Captioned web images.

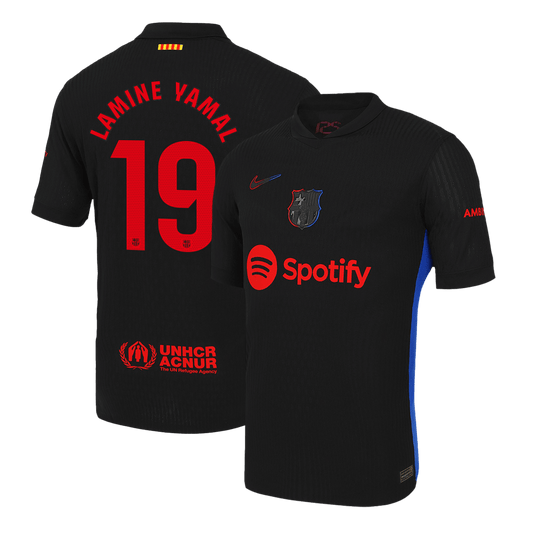 Player Version LAMINE YAMAL #19 Barcelona Away  Soccer Jersey 2024/25 Nej Dresy Obchod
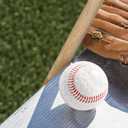 Baseballs 12 Pack Dimpled Baseballs, 9-Inch Pitching Machine Balls for Hand-Eye Coordination, Hitting and Fielding Practice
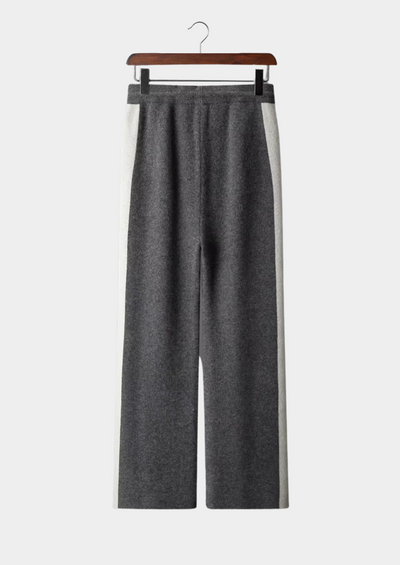 100% CASHMERE WIDE LEISURE TROUSERS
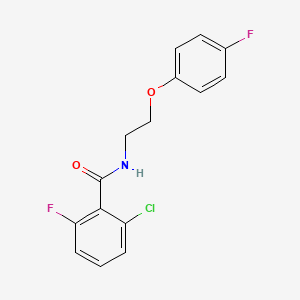 2-chloro-6-fluoro-N-[2-(4-fluorophenoxy)ethyl]benzamide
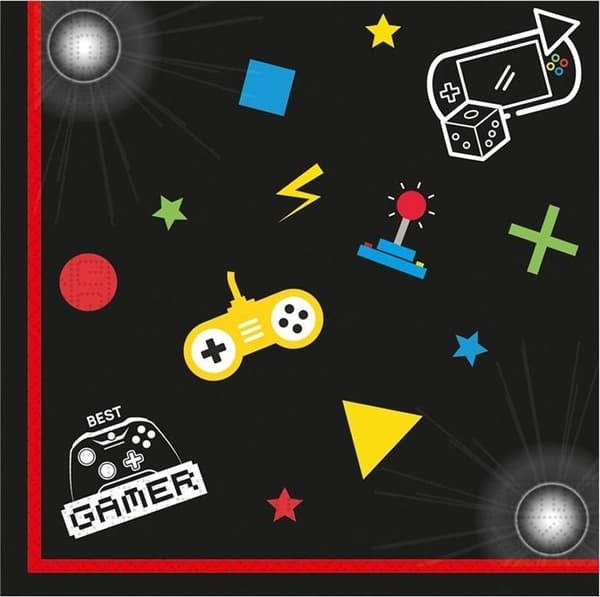 GoDan Papirservietter Gaming Party 33x33cm 20stk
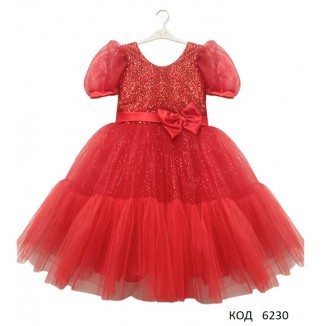 Платье  бальное  дев. 6-7 лет 2шт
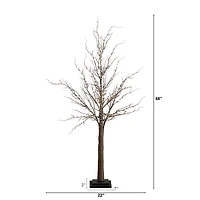 4ft. Pre-Lit LED Twig Tree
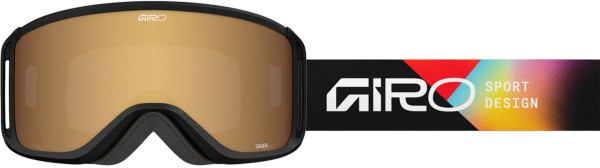 SAGEN Goggle 2026 angles black/amber scarlet/yellow 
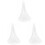 3 Pezzi Sposa Lungo Con Pettine 4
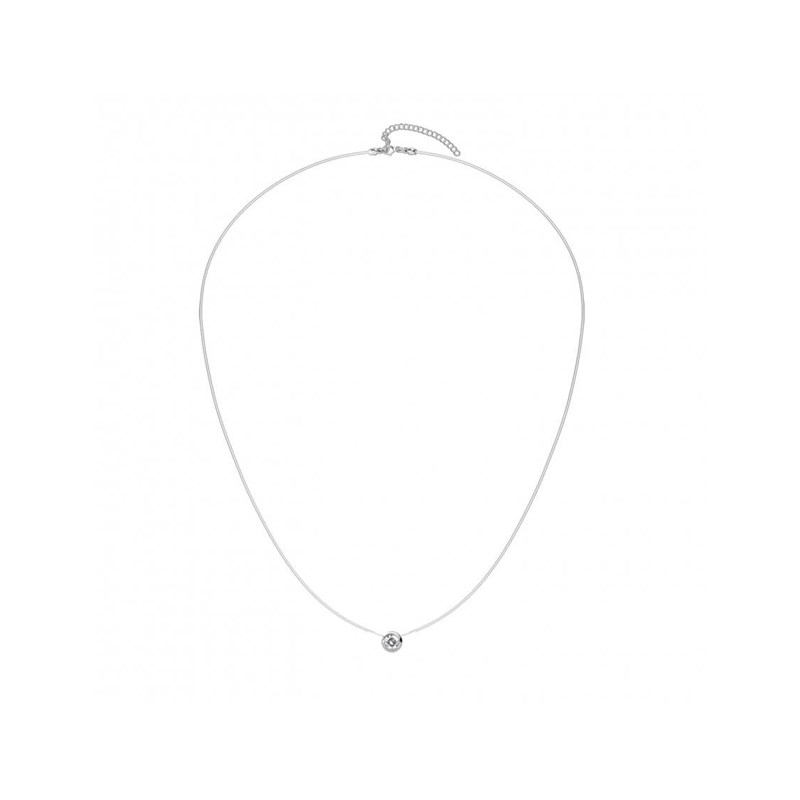Collier Moon - Argenté et Cristal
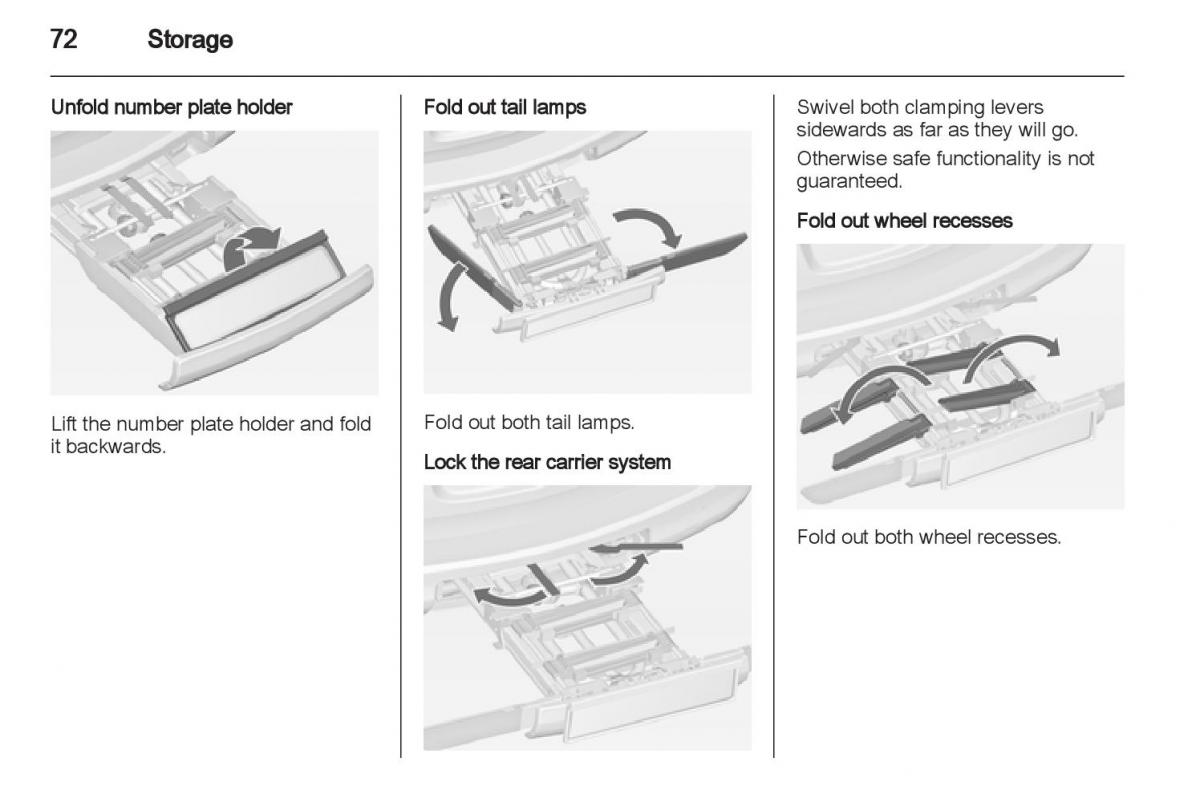 Manual Opel Astra J / page 74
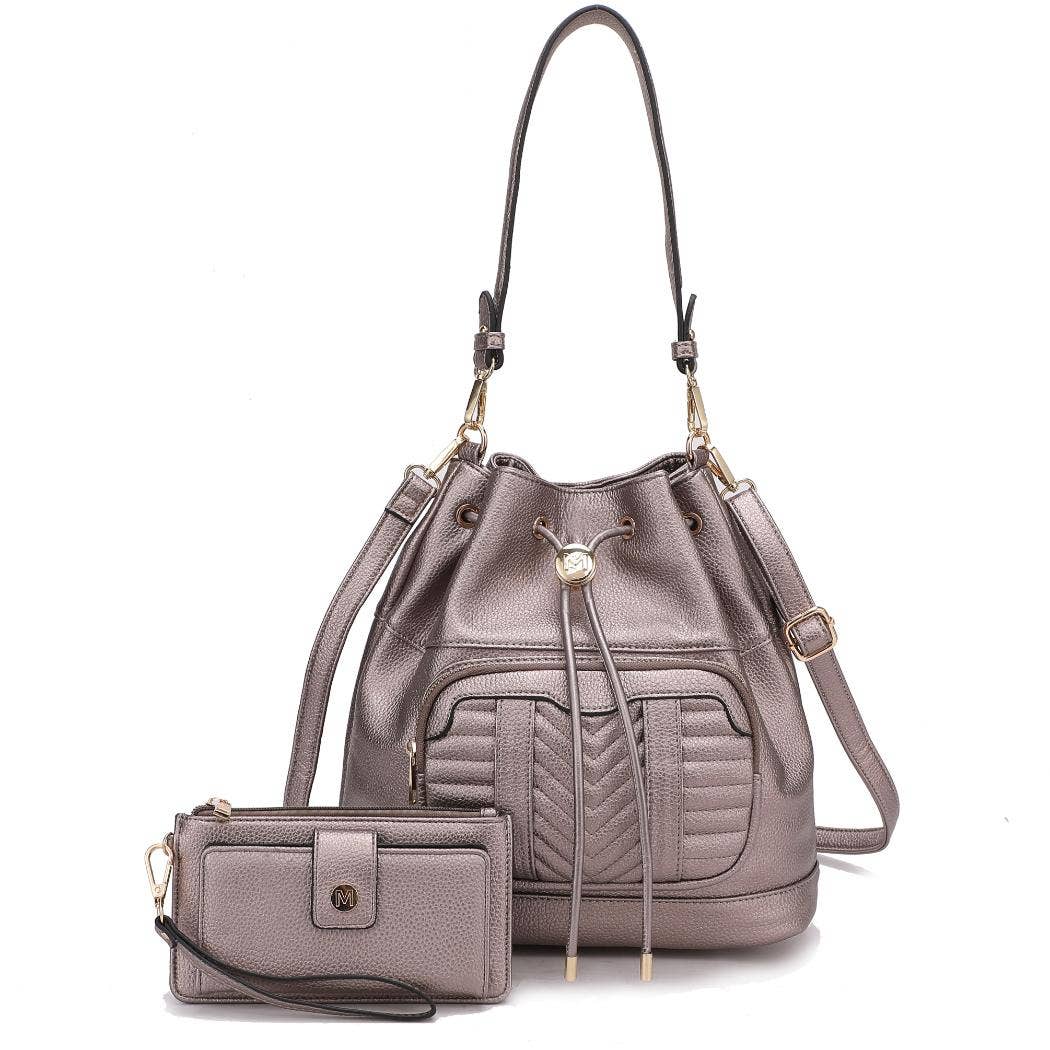 Ryder Vegan Leather Women Shoulder Bag with Wallet by Mia K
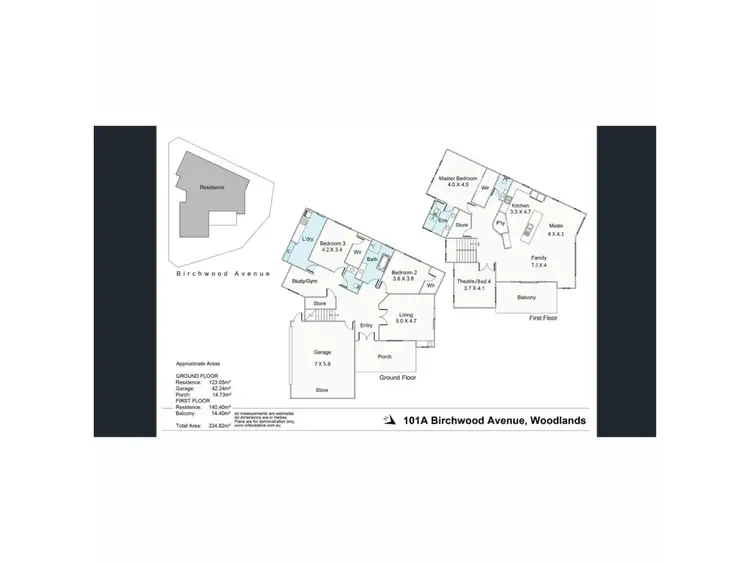 Floorplan of Homely house listing, 101A Birchwood Avenue, Woodlands WA 6018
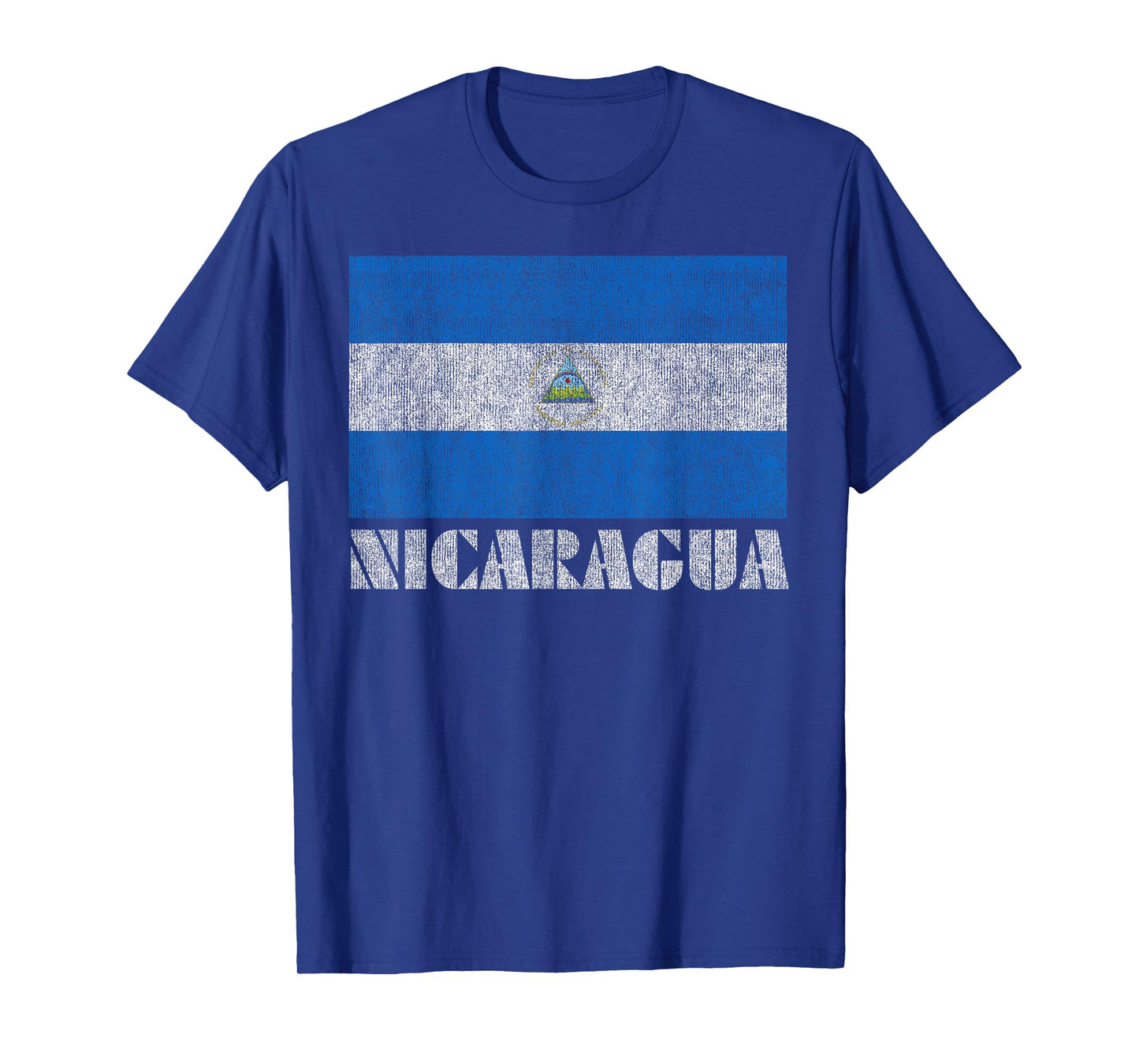 Nicaragua Flag Shirt Retro Vintage Country Men Women Gift T-Shirt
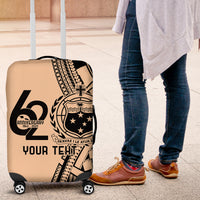 Custom Samoa Manuia le 62 Tausaga O le Tutoatasi Luggage Cover Samoan Tatau Beige Art LT9 Beige - Polynesian Pride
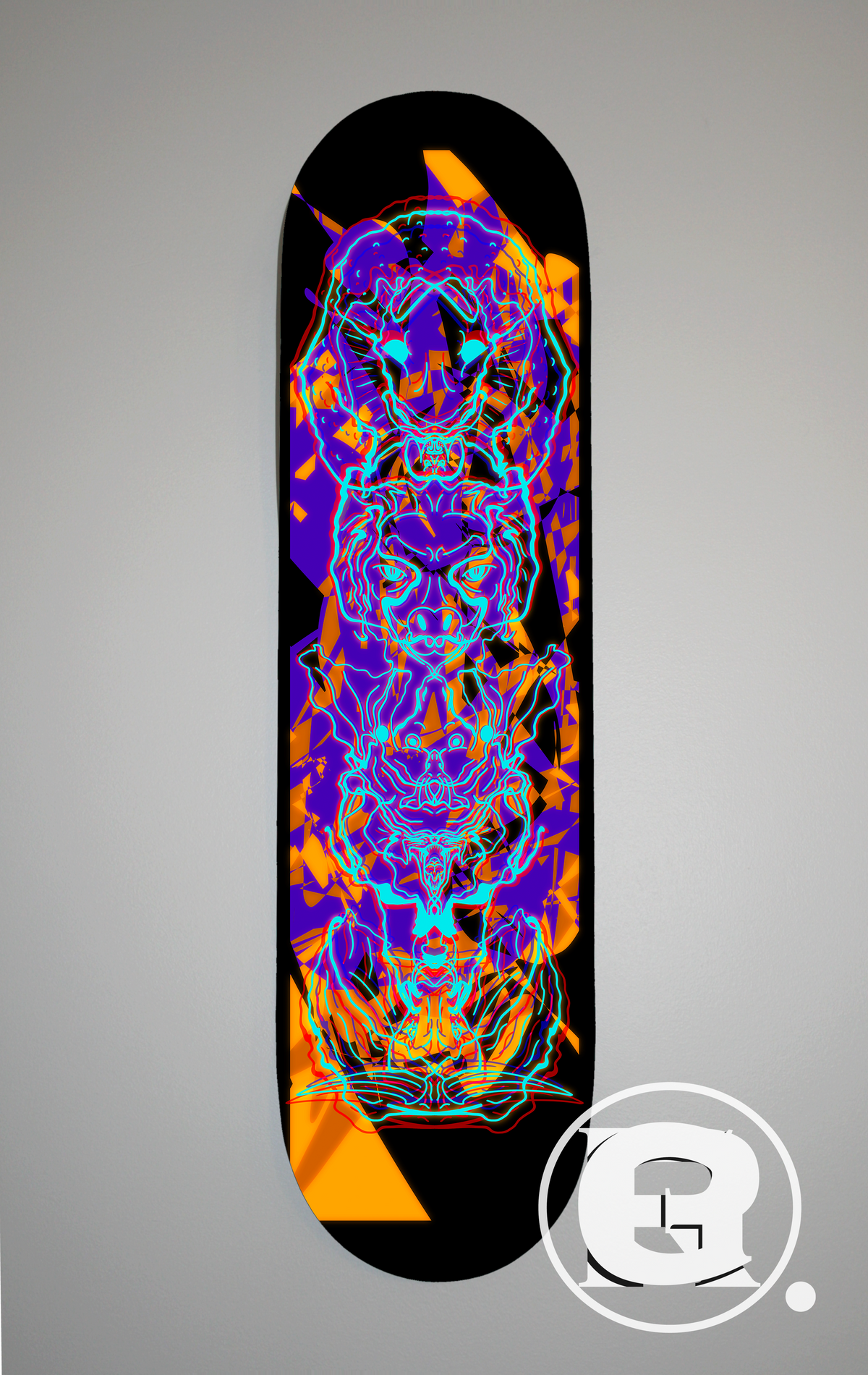 Wild Animal Split Skateboard, Rhythm Goods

Task. Starting at the line that contains "Floorplan of Homely", please write out every line to the end of the entries, inclusive, copied exactly and with pictures omitted.

Solution to this problem.
 Floorplan of Homely house listing, 101A Birchwood Avenue, Woodlands WA 6018
 Nicaragua Flag Shirt Retro Vintage Country Men Women Gift T-Shirt
 Custom Samoa Manuia le 62 Tausaga O le Tutoatasi Luggage Cover Samoan Tatau Beige Art LT9 Beige - Polynesian Pride
 Wild Animal Split Skateboard, Rhythm Goods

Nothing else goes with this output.